Actually it's possible to fit THREE levels in the Jupiter 2 -- if you make the ship something like 95 feet across. You could invite 50 people to a disco party on the control deck -- and they'd all have plenty of room to boogie!


----------



## WarpCore Breach (Apr 27, 2005)

That's awesomely cool!! :thumbsup:


----------



## toyroy (Jul 17, 2005)

Looks like the _Jupiter 2 Dome_. Has Paul McCartney played there yet?


----------



## Jaruemalak (Jun 12, 2008)

toyroy said:


> Looks like the _Jupiter 2 Dome_. Has Paul McCartney played there yet?


No, but some guy from Barnes and Barnes sang a song about "Fish Heads" while on the second level, some brunette girl did selections from "The Sound Of Music"... 

OK, that was really subtle... sorry, I'm workin' on about two hours sleep here!:freak:


----------



## John P (Sep 1, 1999)

Rolly Polly fish heads?


----------



## toyroy (Jul 17, 2005)

Jaruemalak said:


> ...some guy from Barnes and Barnes sang a song about "Fish Heads" while on the second level, some brunette girl did selections from "The Sound Of Music"...


I think that was the _Jupiter 2 Bookstore_ on Melrose Ave. :dude:


----------



## gojira61 (May 21, 2008)

scotpens said:


> Actually it's possible to fit THREE levels in the Jupiter 2 -- if you make the ship something like 95 feet across. You could invite 50 people to a disco party on the control deck -- and they'd all have plenty of room to boogie!


And there is what we should have gotten for the film.


----------



## toyroy (Jul 17, 2005)

Y3a said:


> As I looked VERY CAREFULLY at the Derelict Jupiter2, and compared it to the year 3 Jupiter 2, I see that THEY DID replace the lower hull form with a fatter deeper version to accommodate Pod. The actual "Pod Dropper" Hull AND the geared Hero seemed to have been altered...


There's another interesting "sequence" on The Derelict- three different miniatures in three shots:

-As the J2 exits the derelict, we see one model. It has a fairly shallow lower hull, with a noticeable break in angle, and a lower viewport. I'm not sure whether it's a modified G12, or a J2. 

-In the next shot, there's another model with a deeper lower hull, with almost no break angle. This one is clearly a J2, because of the smaller fusion core.
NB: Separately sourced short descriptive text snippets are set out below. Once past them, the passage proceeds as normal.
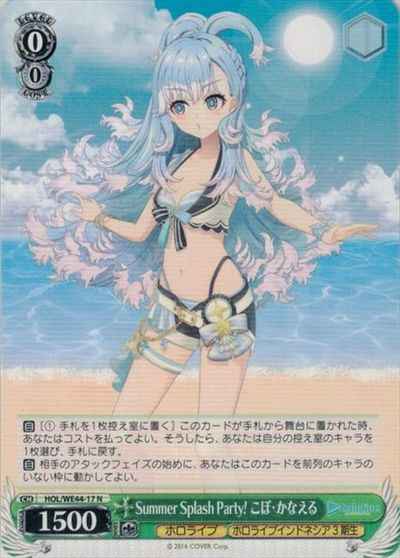 Weiss Schwarz HOL/WE44-17 Kobo Kanaeru Summer Splash Party N hololive production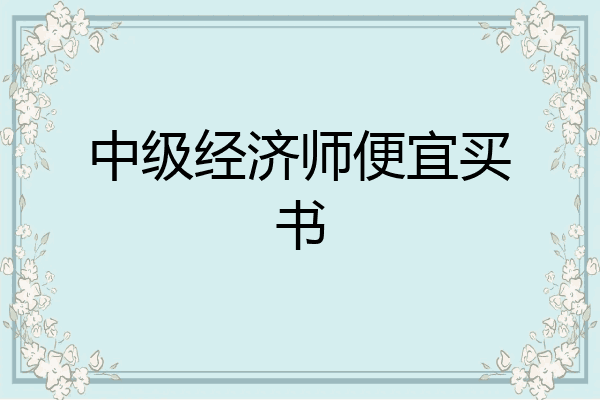 中级经济师便宜买书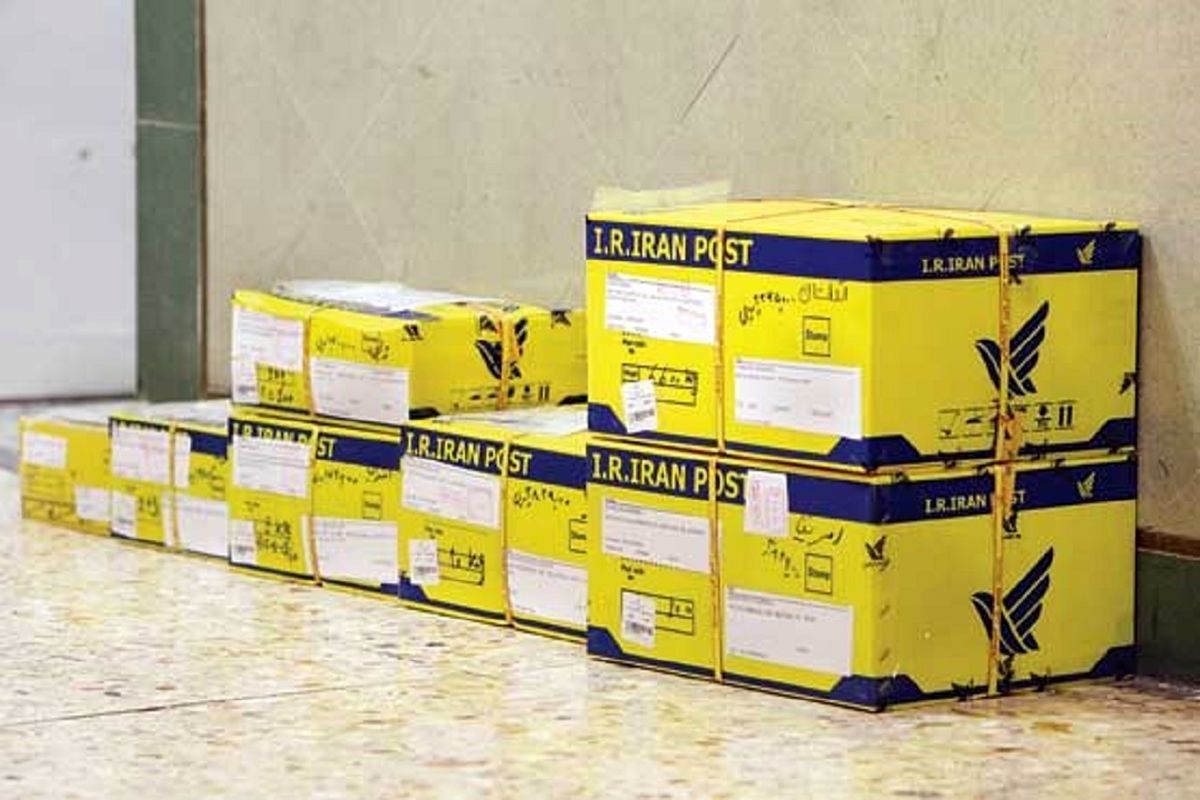 پست مازندران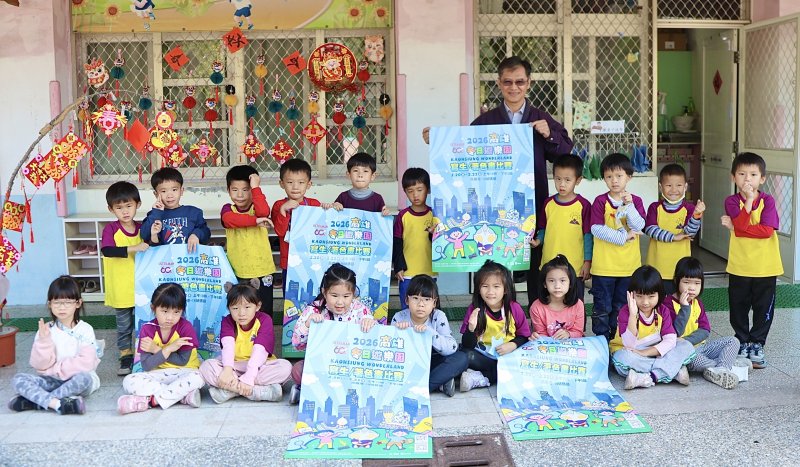 漾新聞|超人力霸王降臨港都　冬日遊樂園親子寫生共樂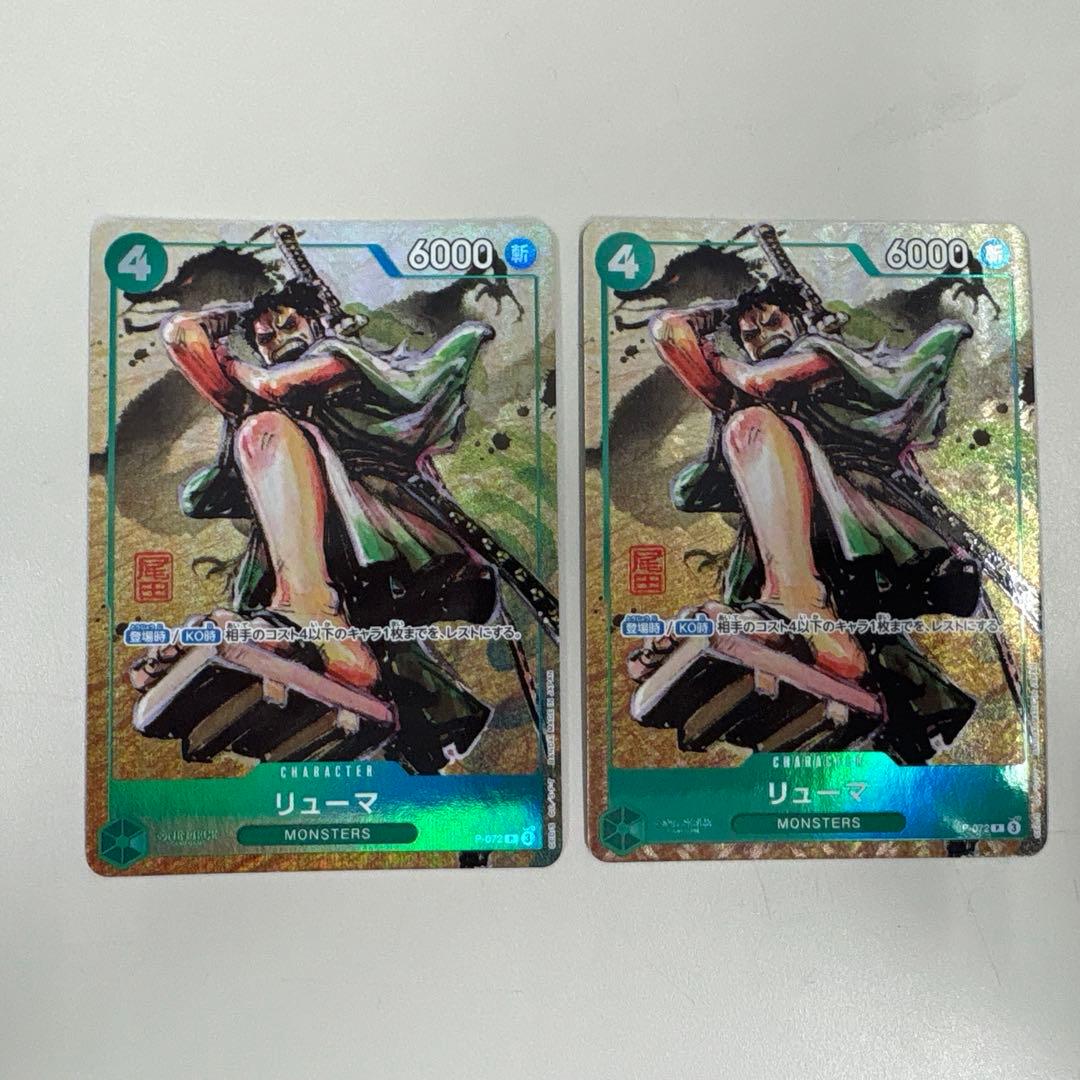 リューマ プロモ プレミアムカードコレクションベストセレクションvol.3 2枚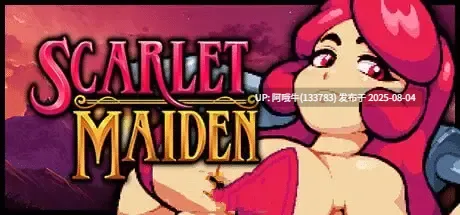 【ACT/官中/像素】猩红少女 H版死亡细胞 Scarlet Maiden  v1.3.3[555M]【序号2725】
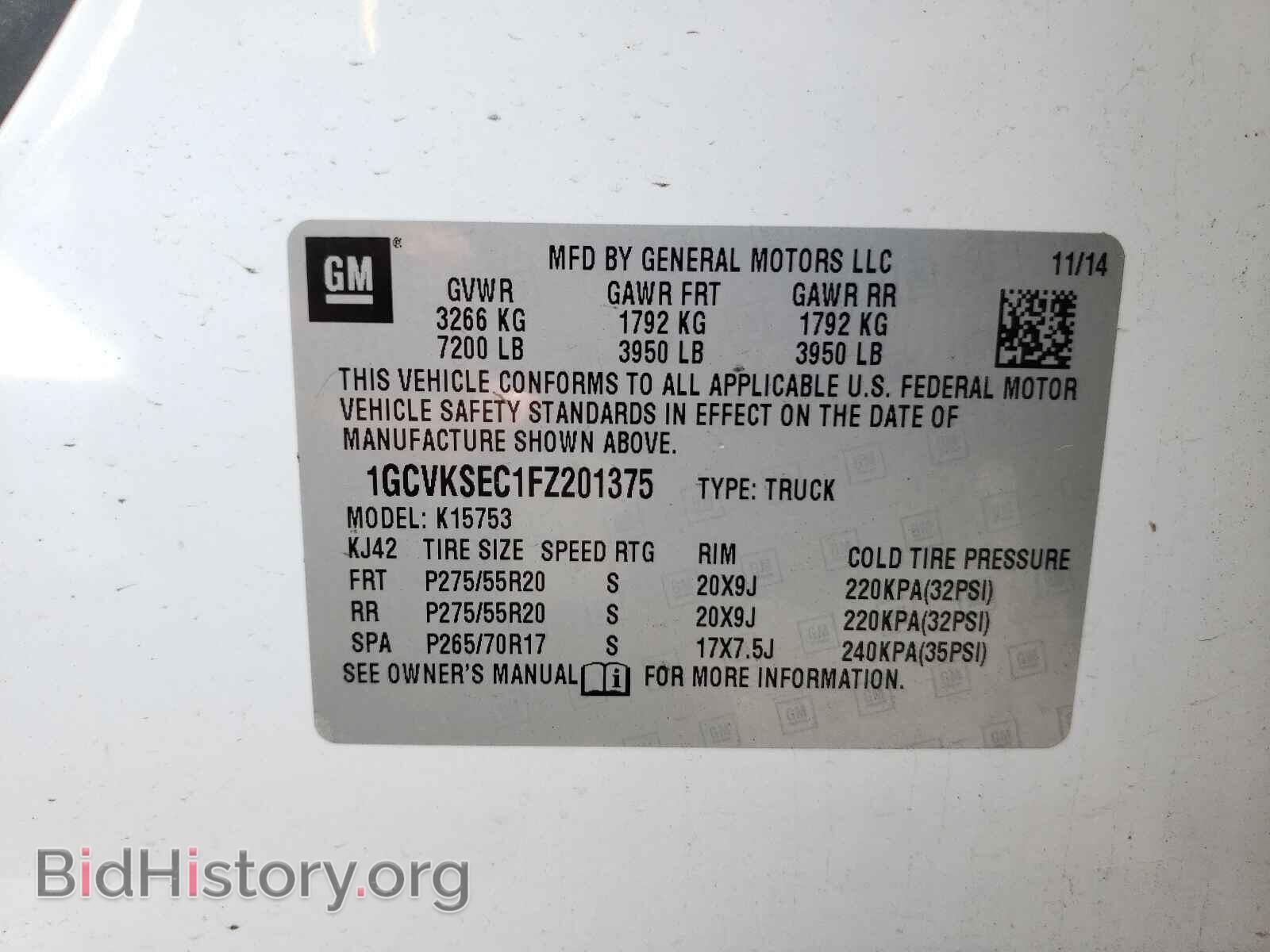 2015 CHEVROLET SILVERADO - VIN: 1GCVKSEC1FZ201375 - Фото 10
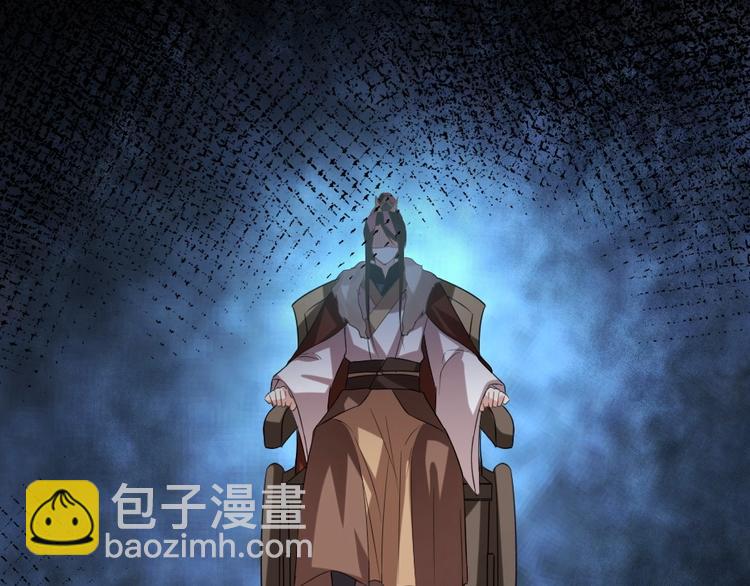 第6话 狱友是神秘红发男子？(1/2)-第6话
-The third shot(originally after a commercial break) is a G12 from the first pilot. It features "the glow".


----------



## Dave Metzner (Jan 1, 1970)

Please stay on topic.
The Jupiter 2 interior thread has been moved to Sci Fi Modeling because it is not connected to Morebius Models. I will move or close this trhead if it strays off topic too far.
Thank you.
Dave


----------



## Geoff Boaz (Jan 1, 1970)

Dave Metzner said:


> Please stay on topic.
> The Jupiter 2 interior thread has been moved to Sci Fi Modeling because it is not connected to Morebius Models. I will move or close this trhead if it strays off topic too far.
> Thank you.
> Dave


Hi Dave,

I seldom (never?) question fair moderation, and you've always been tops in that regard, towards this board and forum in general (thanks). But, just this once I'll put on my Devil's Advocate hat and throw this out there.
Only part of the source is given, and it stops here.